Streit um Handelsdeal: EU setzt Johnson bei G7-Gipfel unter Druck

Die deutsche Bundeskanzlerin Angela Merkel (L) und der britische Premierminister Boris Johnson bei der offiziellen Begrüßung der Staatsoberhäupter während des G7-Gipfels in Carbis Bay. Foto: epa/Neil Hall
Die deutsche Bundeskanzlerin Angela Merkel (L) und der britische Premierminister Boris Johnson bei der offiziellen Begrüßung der Staatsoberhäupter während des G7-Gipfels in Carbis Bay. Foto: epa/Neil Hall

CARBIS BAY: Spitzenvertreter der EU haben den britischen Premierminister Boris Johnson am Rande des G7-Gipfels zur Einhaltung der Absprachen aus dem Brexit-Handelsvertrag gedrängt. «Beide Seiten müssen das umsetzen, was wir vereinbart haben», teilte EU-Kommissionspräsidentin Ursula von der Leyen am Samstag nach einem Gespräch mit Johnson mit. Die EU sei sich bei diesem Thema absolut einig. Genauso äußerte sich EU-Ratspräsident Charles Michel, der ebenso an dem Gespräch teilnahm.

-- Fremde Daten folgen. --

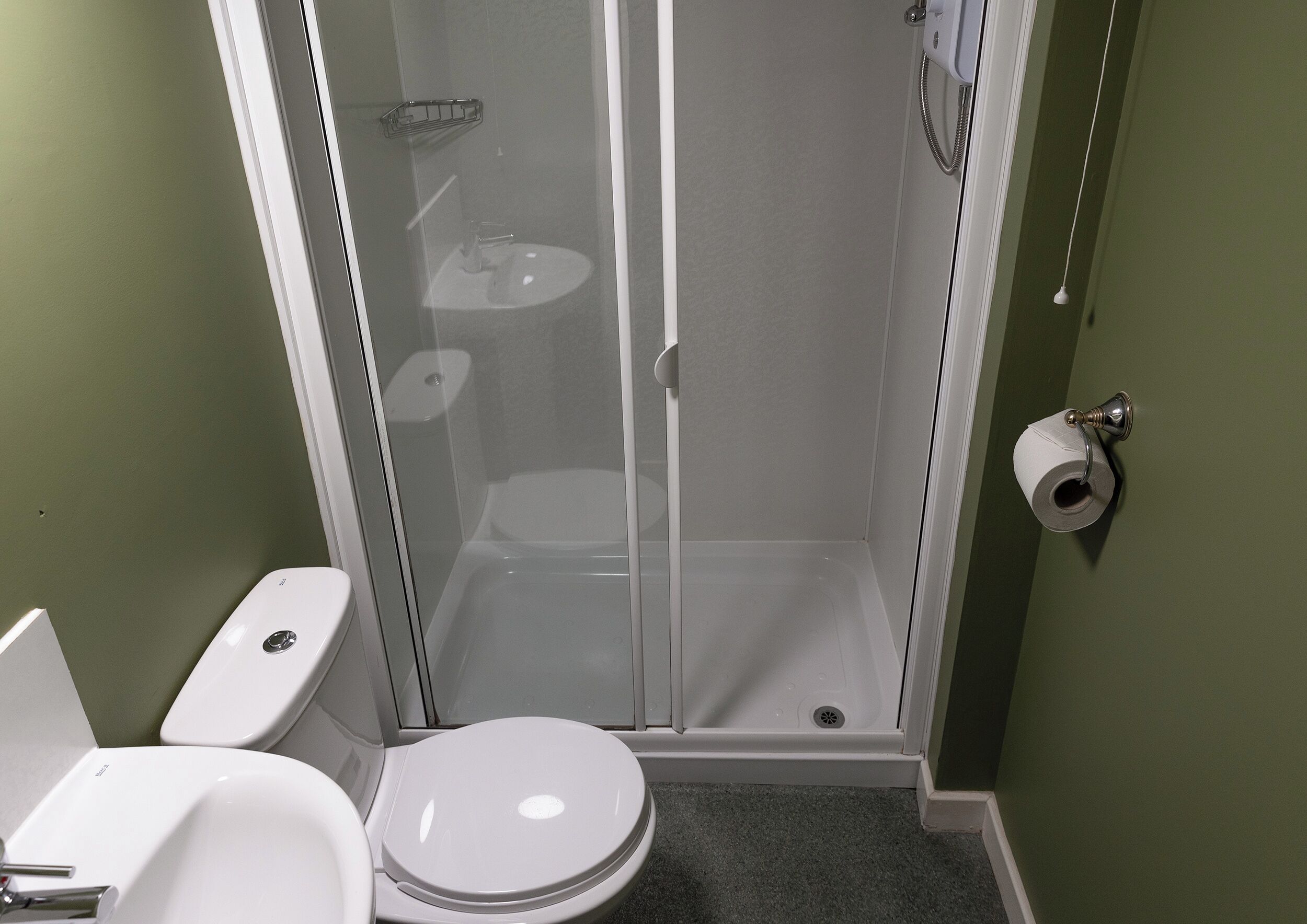A small bathroom with a toilet, sink, and shower stall.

Ein Sprecher Johnsons sagte im Anschluss, der Premierminister habe deutlich gemacht, dass das Vereinigte Königreich entschlossen sei, «praktische Lösungen» zu finden und die Auswirkungen auf den Alltag der Menschen in Nordirland zu minimieren. Aus EU-Kreisen hieß es, man habe sich schon sehr flexibel gezeigt. Auch US-Präsident Joe Biden und der kanadische Ministerpräsident Justin Trudeau unterstützen die Sicht, dass die Vereinbarungen eingehalten werden müsse.

Von der EU wird Großbritannien seit Monaten eine mangelnde Umsetzung von Brexit-Absprachen vorgeworfen. So kritisiert Brüssel vor allem, dass Vereinbarungen zur Kontrolle des Warenverkehrs zwischen Nordirland und den anderen Teilen des Vereinigten Königreichs nicht eingehalten würden.

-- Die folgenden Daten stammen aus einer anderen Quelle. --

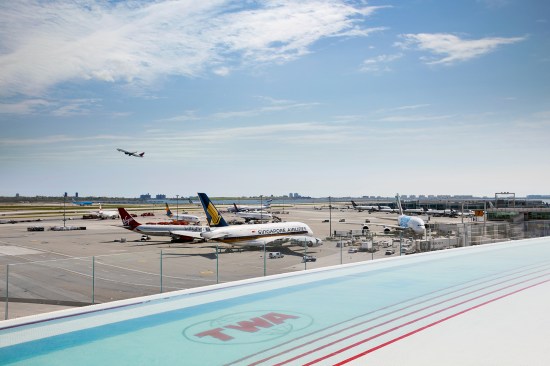 The view of the runway from the infinity pool on the hotel roof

Die Vereinbarungen sind Teil des sogenannten Nordirland-Protokolls und sollen Kontrollen an der Grenze zum EU-Staat Irland verhindern. Ziel war, neue Spannungen in der einstigen Bürgerkriegsregion zu vermeiden. Allerdings ist durch die Vereinbarungen nun eine Zollgrenze zum Rest des Vereinigten Königreichs entstanden, die zu Handelshemmnissen geführt hat. Infolgedessen kam es bereits zu Ausschreitungen meist protestantischer Anhänger der Union mit Großbritannien.

Die umstrittenen Brexit-Sonderregeln für Nordirland waren zudem auch Thema bei einem Treffen von Johnson mit Kanzlerin Angela Merkel. Die beiden Politiker hätten darin übereingestimmt, dass dadurch Handel und Sicherheit gestärkt werden, teilte die britische Regierung im Anschluss mit. Der G7-Gipfel im südwestenglischen Badeort Carbis Bay biete auch eine wichtige Möglichkeit, die gemeinsame Arbeit im Kampf gegen die Corona-Pandemie zu intensivieren. Merkel und Johnson hätten zudem eine Reihe außenpolitischer Fragen besprochen wie etwa «Chinas und Russlands destabilisierende Aktivitäten», hieß es weiter.